#### [ABOUT THIS EXERCISE]
In the entries below, which lines run from the one with "VEVOR Tubo Gommone" through the one with "Incendio en una vivienda de Llerena"? Repeat exactly those, both included, and no pictures.

#### [SOURCE DATA]
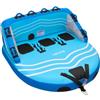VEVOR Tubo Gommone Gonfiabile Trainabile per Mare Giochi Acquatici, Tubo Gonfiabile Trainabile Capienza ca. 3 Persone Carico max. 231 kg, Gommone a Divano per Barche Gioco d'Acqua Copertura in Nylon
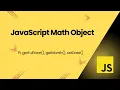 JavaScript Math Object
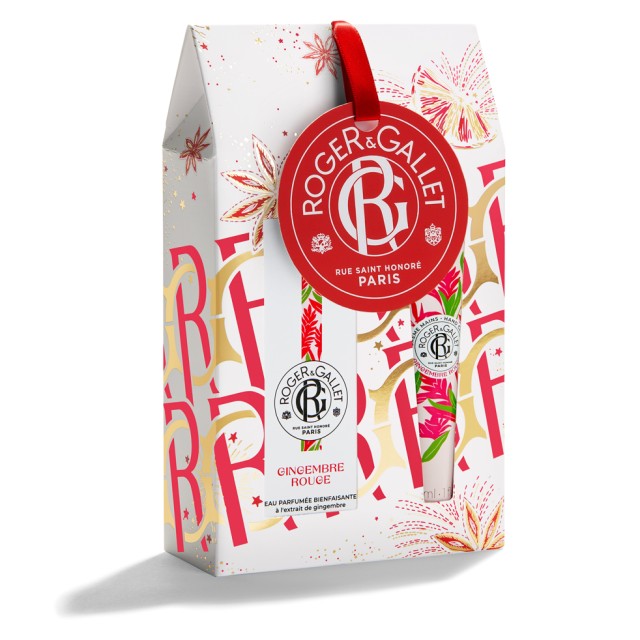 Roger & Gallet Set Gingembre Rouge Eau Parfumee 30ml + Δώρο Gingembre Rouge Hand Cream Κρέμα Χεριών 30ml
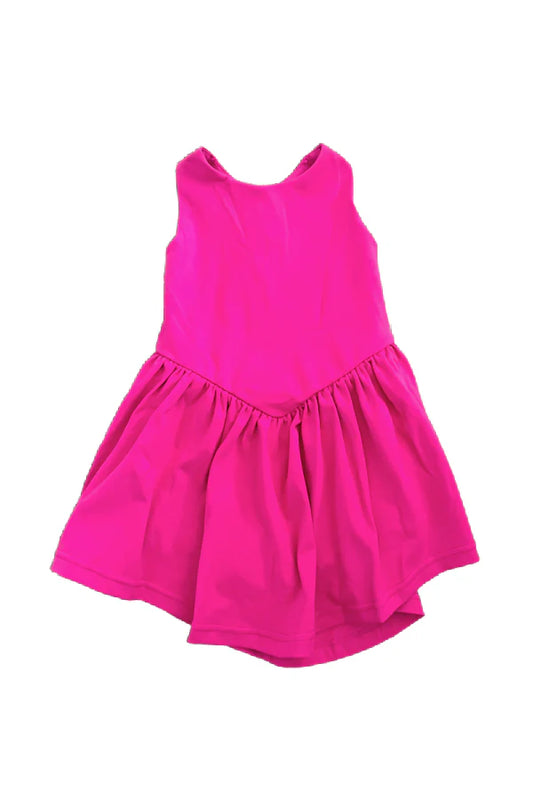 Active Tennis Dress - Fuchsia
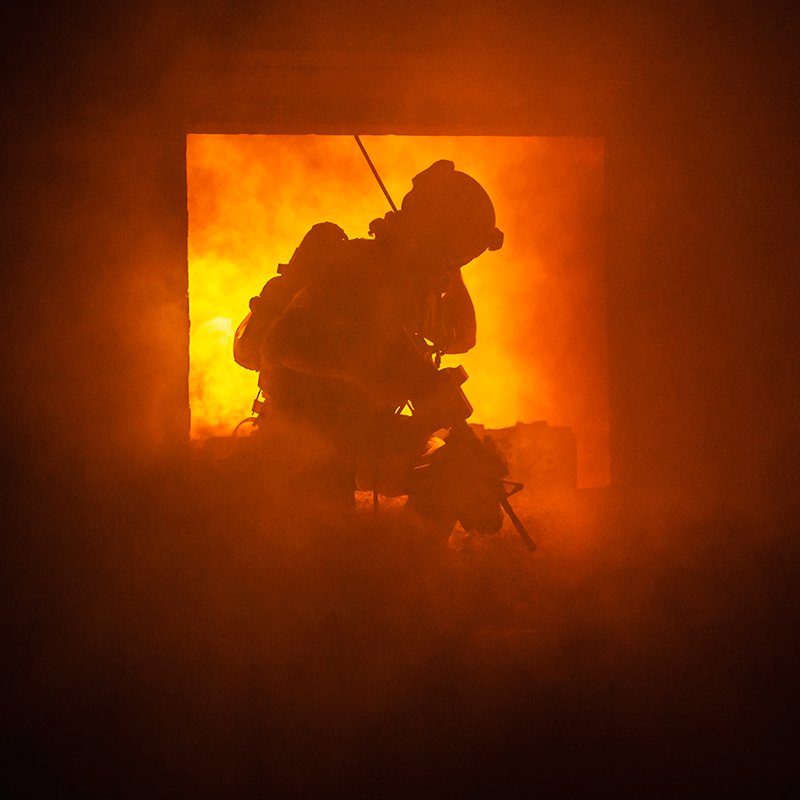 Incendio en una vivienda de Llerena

==

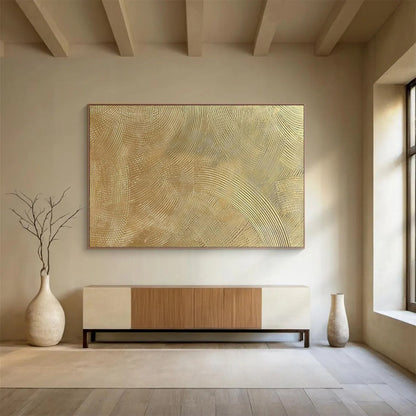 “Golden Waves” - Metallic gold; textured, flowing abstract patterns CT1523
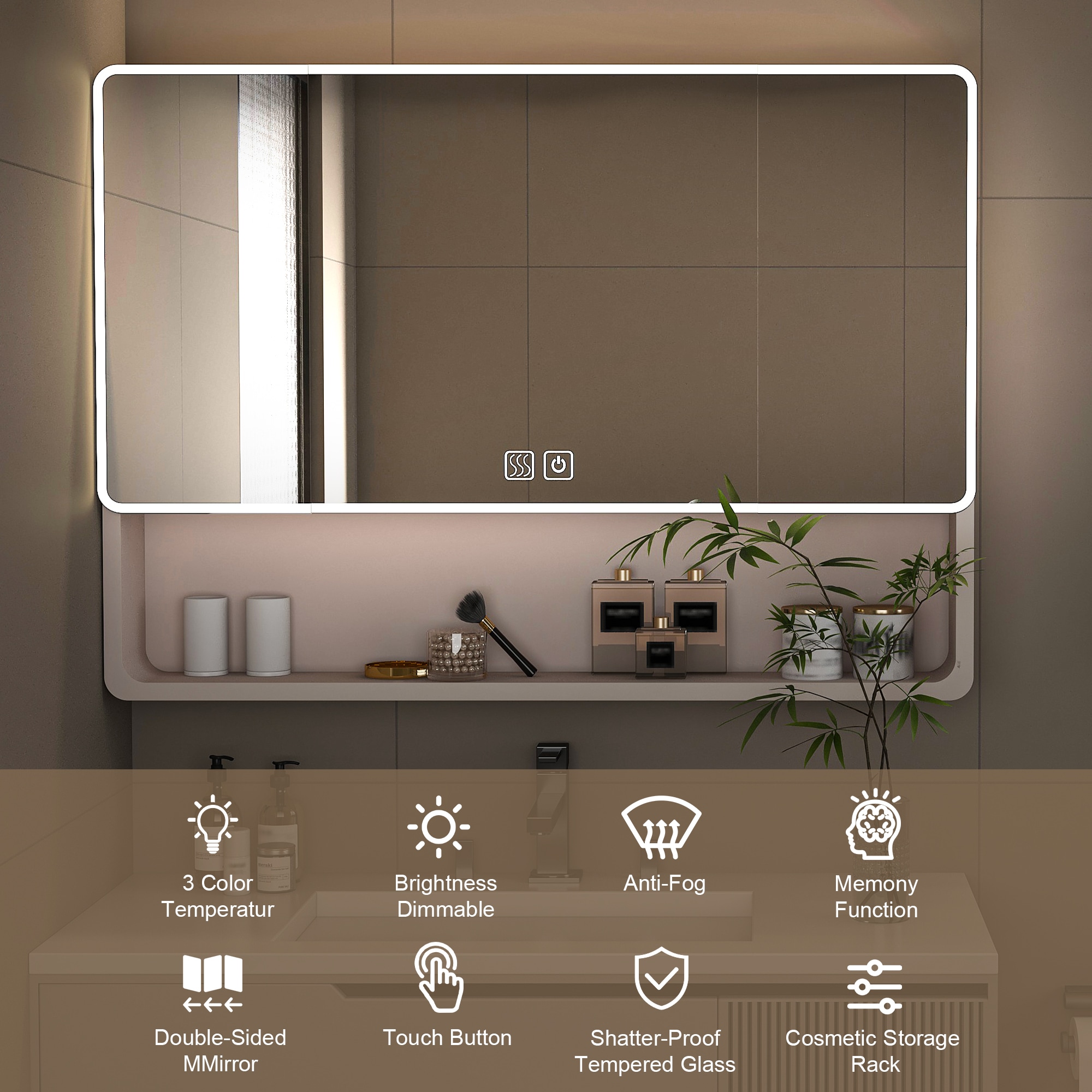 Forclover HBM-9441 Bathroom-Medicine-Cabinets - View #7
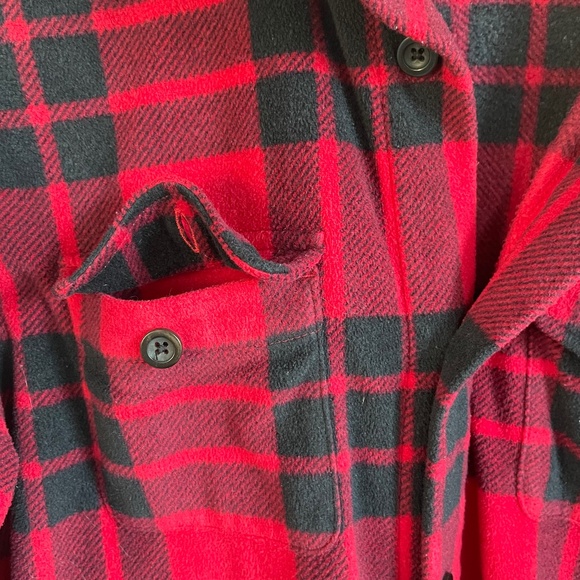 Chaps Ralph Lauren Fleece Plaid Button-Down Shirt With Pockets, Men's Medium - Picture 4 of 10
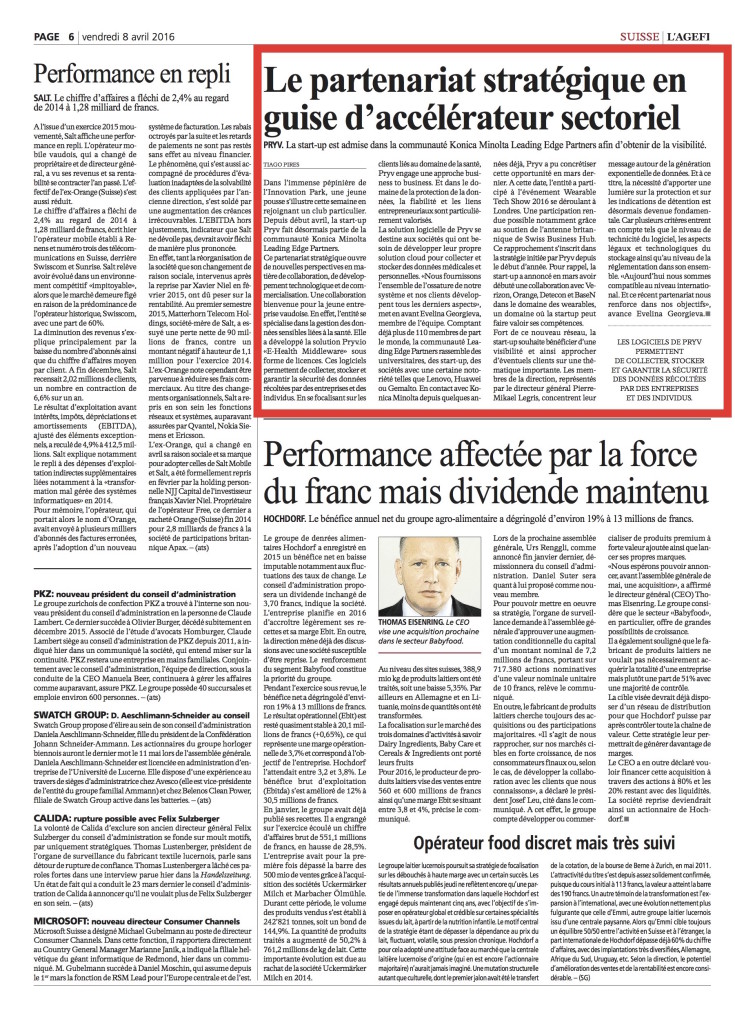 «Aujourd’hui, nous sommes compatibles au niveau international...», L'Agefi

#### [TASK ANSWER]
VEVOR Tubo Gommone Gonfiabile Trainabile per Mare Giochi Acquatici, Tubo Gonfiabile Trainabile Capienza ca. 3 Persone Carico max. 231 kg, Gommone a Divano per Barche Gioco d'Acqua Copertura in Nylon
 JavaScript Math Object
 Roger & Gallet Set Gingembre Rouge Eau Parfumee 30ml + Δώρο Gingembre Rouge Hand Cream Κρέμα Χεριών 30ml
 Active Tennis Dress - Fuchsia
 Incendio en una vivienda de Llerena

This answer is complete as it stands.